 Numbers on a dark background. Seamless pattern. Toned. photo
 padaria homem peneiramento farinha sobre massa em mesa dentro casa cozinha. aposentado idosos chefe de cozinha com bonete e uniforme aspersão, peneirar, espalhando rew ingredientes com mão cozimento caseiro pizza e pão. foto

•••••

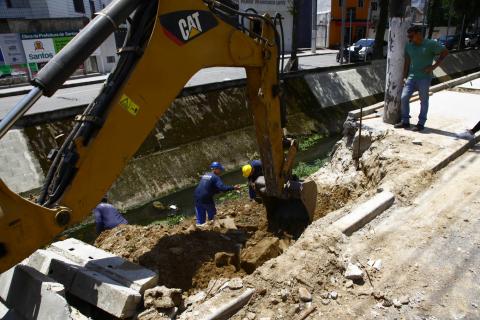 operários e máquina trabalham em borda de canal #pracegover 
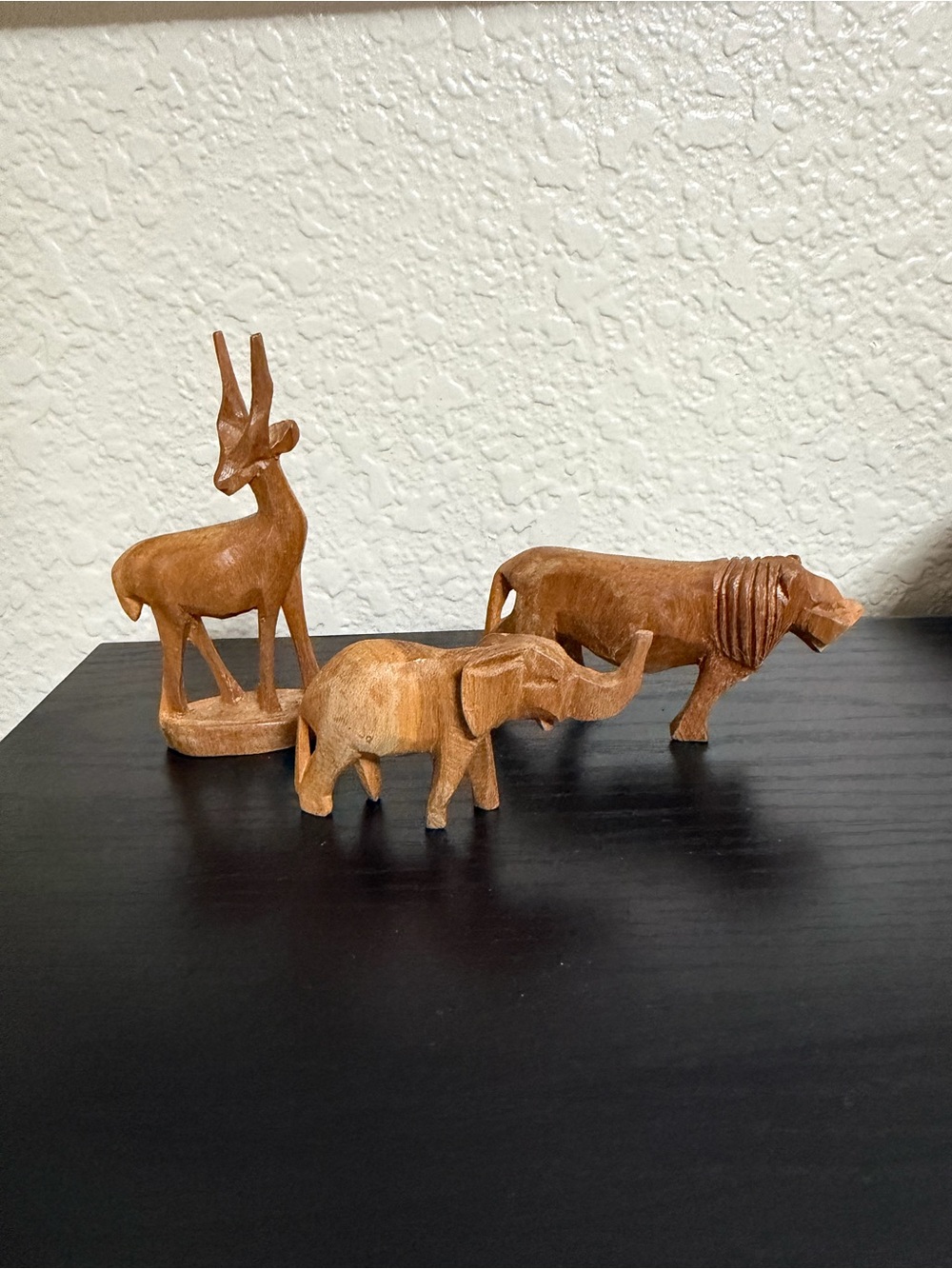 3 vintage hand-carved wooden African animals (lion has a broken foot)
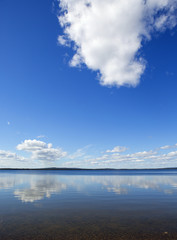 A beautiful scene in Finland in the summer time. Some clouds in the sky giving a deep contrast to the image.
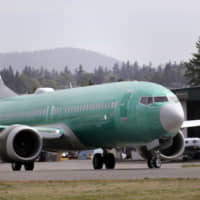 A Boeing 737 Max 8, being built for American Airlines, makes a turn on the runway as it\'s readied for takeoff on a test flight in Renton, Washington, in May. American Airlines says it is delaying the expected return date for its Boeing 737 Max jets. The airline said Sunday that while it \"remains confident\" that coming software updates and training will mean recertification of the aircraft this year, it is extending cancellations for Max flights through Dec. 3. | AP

•••••

What is expected:
Of the records above, print only the lines from the one containing "operários e máquina" through the one containing "A Boeing 737", inclusive and unaltered, leaving out pictures.

Solution to this task:
 operários e máquina trabalham em borda de canal #pracegover 
 3 vintage hand-carved wooden African animals (lion has a broken foot)
 A beautiful scene in Finland in the summer time. Some clouds in the sky giving a deep contrast to the image.
 A Boeing 737 Max 8, being built for American Airlines, makes a turn on the runway as it\'s readied for takeoff on a test flight in Renton, Washington, in May. American Airlines says it is delaying the expected return date for its Boeing 737 Max jets. The airline said Sunday that while it \"remains confident\" that coming software updates and training will mean recertification of the aircraft this year, it is extending cancellations for Max flights through Dec. 3. | AP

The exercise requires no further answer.